Audit Reveals Issues With Department of Education Elementary and Preschool Grants

Meryn Fluker

A state auditor report released Thursday reveals insufficient oversight and other issues from two Iowa Department of Education initiatives designed to serve at-risk children and families.

The performance audit shows that administrators failed to competitively award grants and "sufficiently monitor use of funding" for the Shared Visions Preschool Program and the Early Elementary Innovative Grants based on a review of data from July 1, 2006 through June 30, 2012.

"When programs get put on autopilot is when you run the risk of things not operating correctly," said Annette Campbell, director of the performance investigation division for Iowa's Office of the Auditor of State, though she noted the issues were not "very egregious."

"I think the department could be more active in their monitoring," she said.

The Shared Visions Preschool Program serves children ages 3 to 5 as well as their families with preschool, full-day kindergarten and additional educational services while the Early Elementary Innovative Grants – also known as the At-Risk K-3 Grants – fund kindergarten through third-grade programming for schools with large populations of students from financially disadvantaged families.

"We thought it was a fair review," said Jeff Berger, deputy director of the Iowa Department of Education. "I think some of the concerns expressed in the report were valid concerns. We went through a time in '09 and '10 when we were doing across the board cuts and struggling to make ends meet ... We were struggling to meet our obligation, there's no doubt about it."

The Cedar Rapids, Iowa City and College Community school districts are among the entities that received funding from these programs during the six years studied in the audit. The report showed that, rather than continually seek new or additional recipients, the department "instead awarded funding primarily to the same grantees each fiscal year."

Berger attributed some of that to budget cuts, in the form of a 1.5 percent reduction in 2009 followed by a 10-percent decrease in 2010.

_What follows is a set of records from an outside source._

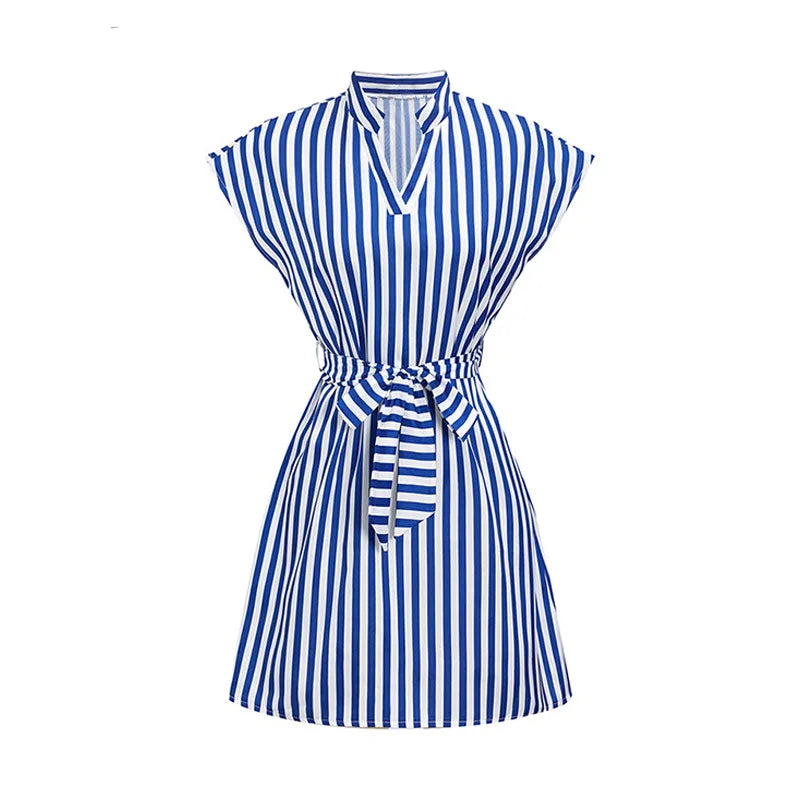 Casual A-Line Dress – Sleeveless, Shirt Collar, and Striped Print 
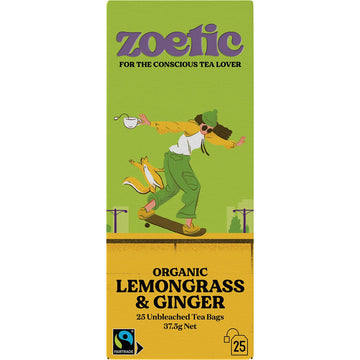 Zoetic Organic Unbleached Tea Bags Lemongrass & Ginger 6x25pk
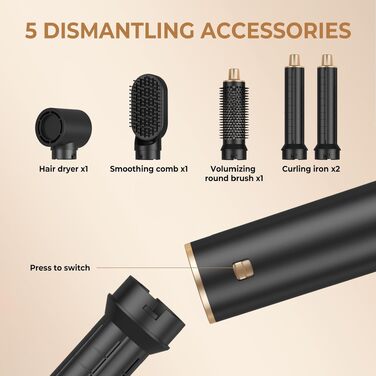 MogaWave Air Styler Pro 6 в 1: Фен-щітка, стайлер для волосся 1000W (Чорний)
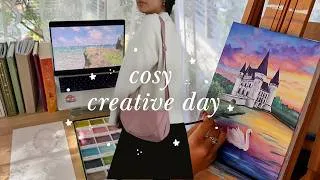 Thumbnail: painting, books & a library trip 🌿 an artsy vlog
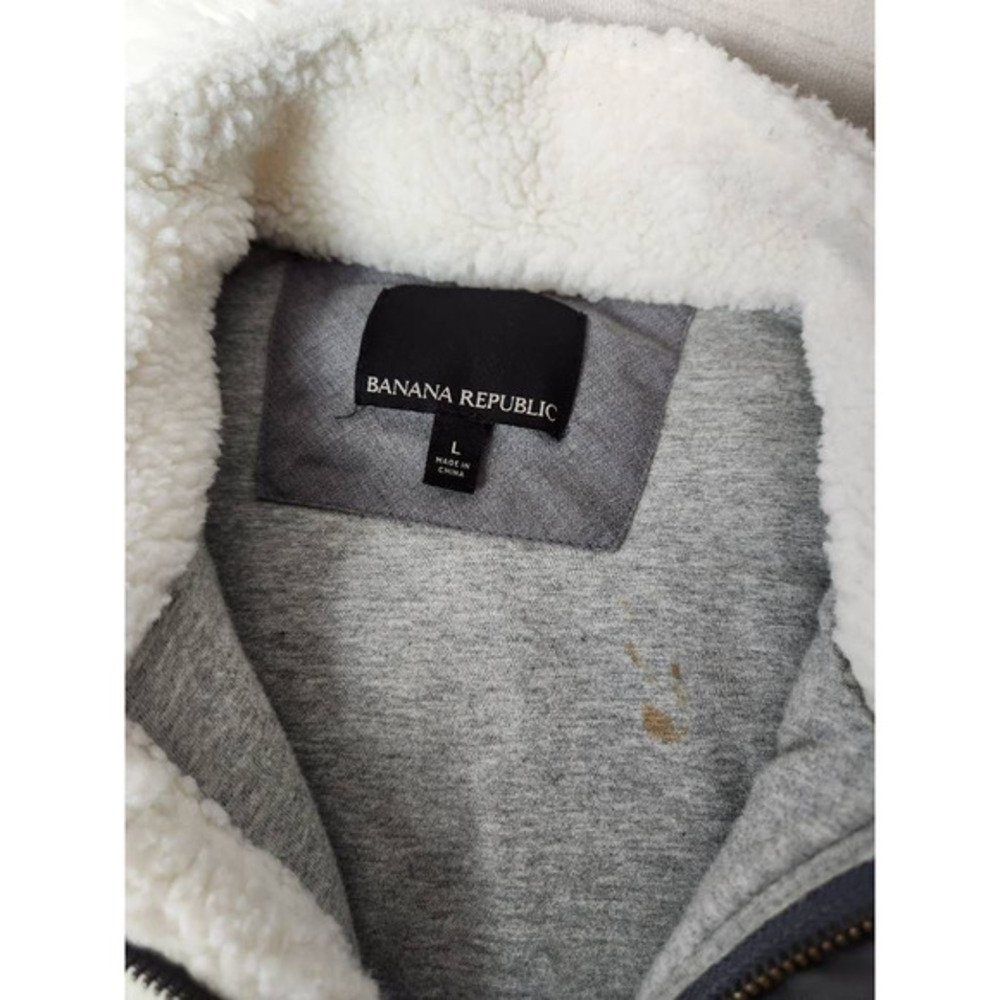 Banana‎ Republic Womens Sherpa Vest White Gray Full Zip Snap Insulated Pockets L - Picture 5 of 6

"If you're given an amount and it just stays flat, it's harder to do that without seeing programs just disappear," he said. "We were sensitive to the fact that we wanted to make sure we were supporting good quality programs but we didn't get the funding that we thought we might ... I think some of the recipients of this grant have come to rely on this as a funding stream and it was never intended to be a funding stream. It was designed to create quality preschools where there were none."

The report did not go into detail about whether or not certain areas or populations were underserved as a result of the way the grants were administered, with many of the entities initially applying for the dollars in the late '80s and early '90s, but Campbell acknowledged that potential consequence.

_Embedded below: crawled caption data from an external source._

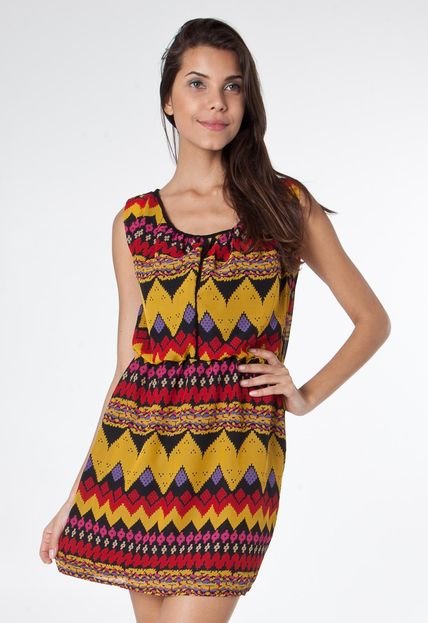 Vestido FiveBlu Glitch Art Multicolorido - Marca FiveBlu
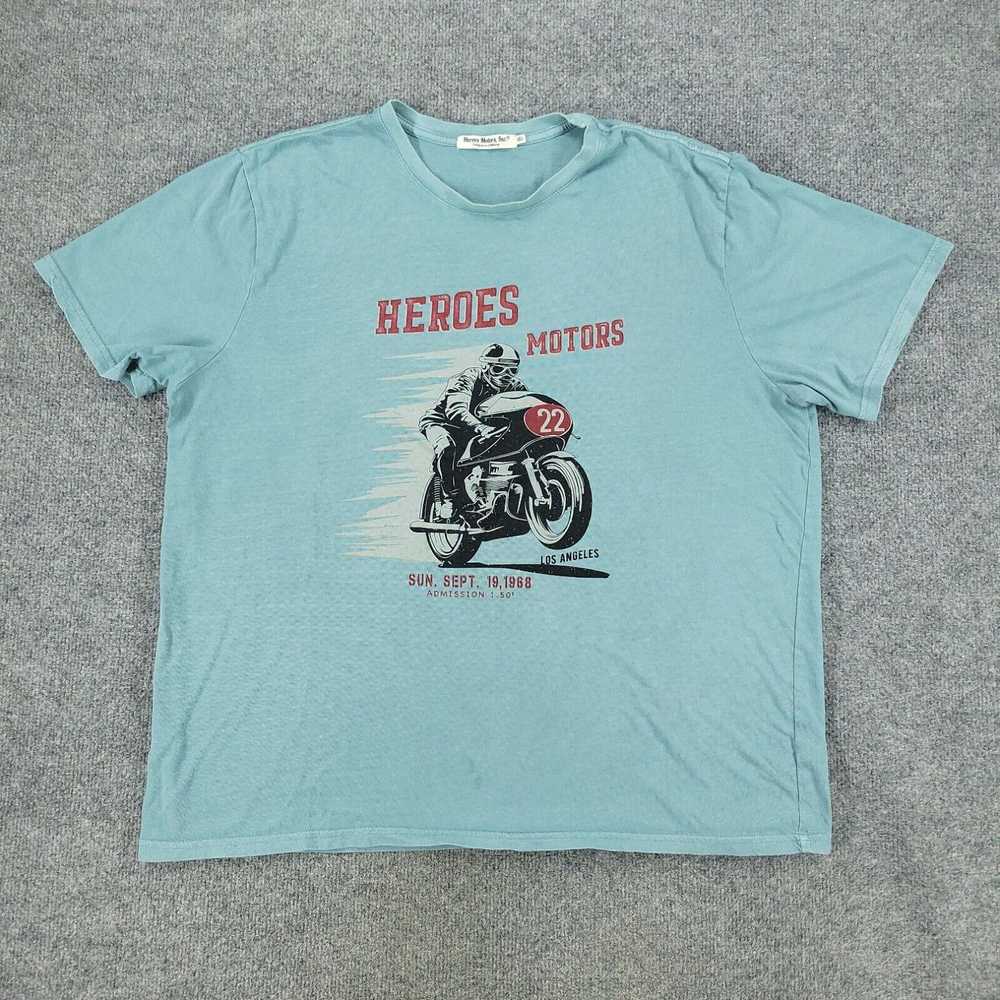 Vintage Heroes Motors Shirt Mens 2XL Blue Los Ang… - image 1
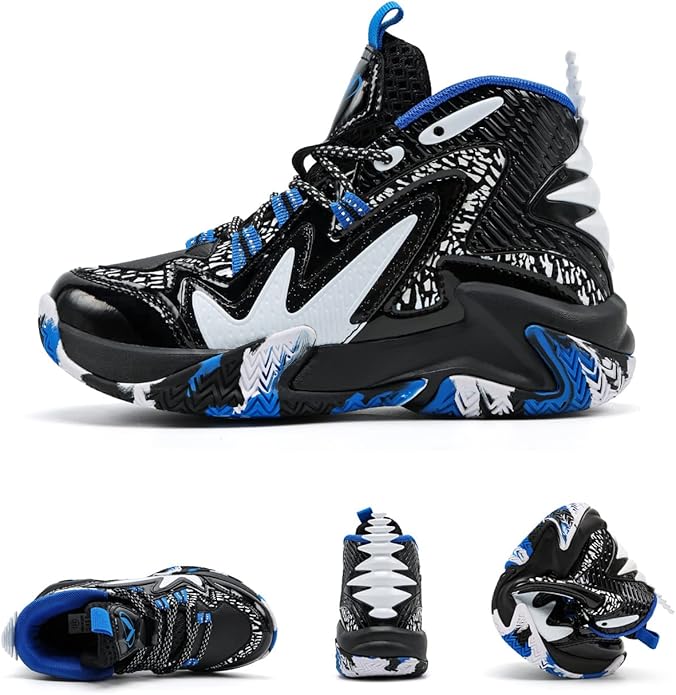 VITUOFLY Kids Basketball Shoes Boys Air Cushion Sneakers Girls Mid Top School Hoops Shoes Non-Slip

"We don't have the documentation to make that determination," she said. "We have no basis to say that they were served best or they were underserved or the ones who got it shouldn't have gotten that funding but there is definitely the possibility that could've happened."

While Berger chose not to go into details about how the estimated $7 million Shared Visions and $3 million At-Risk K-3 Grant funding would be awarded for the coming fiscal year, he said department staff will work to make sure the recipient pool is "balanced" when it comes to school size, region and urban or rural setting. Grant awards should be announced in May or June 2014, he said, and changes within the department are already underway.

The report also showed that the department didn't adequately follow the money once it was dispersed, but both Berger and Campbell said there is no reason to believe funds were intentionally misspent.

The report includes recommendations for the department, such as verifying year-end reports, reviewing detailed expenditure records and requiring progress reports from programs who receive the funding.

"We're pretty confident they're going to get these recommendations in place in a timely manner," Campbell said. "I think the department has already made significant strides in making those improvements."

Berger noted that there has been staff turnover since the period included in the audit and that, along with the 2007-08 introduction of the Statewide Voluntary Preschool Program, have allowed the department to improve the process and bring the initiative back to its original purpose.

"I think we're validating the concern because those concerns are already driving us in the direction we wanted to go in ourselves," he said. "Honestly, making them reapply periodically forces them, just as this review forced us to look at what we're doing and recalibrate, it does the same on the local level ... That's a healthy process for everybody."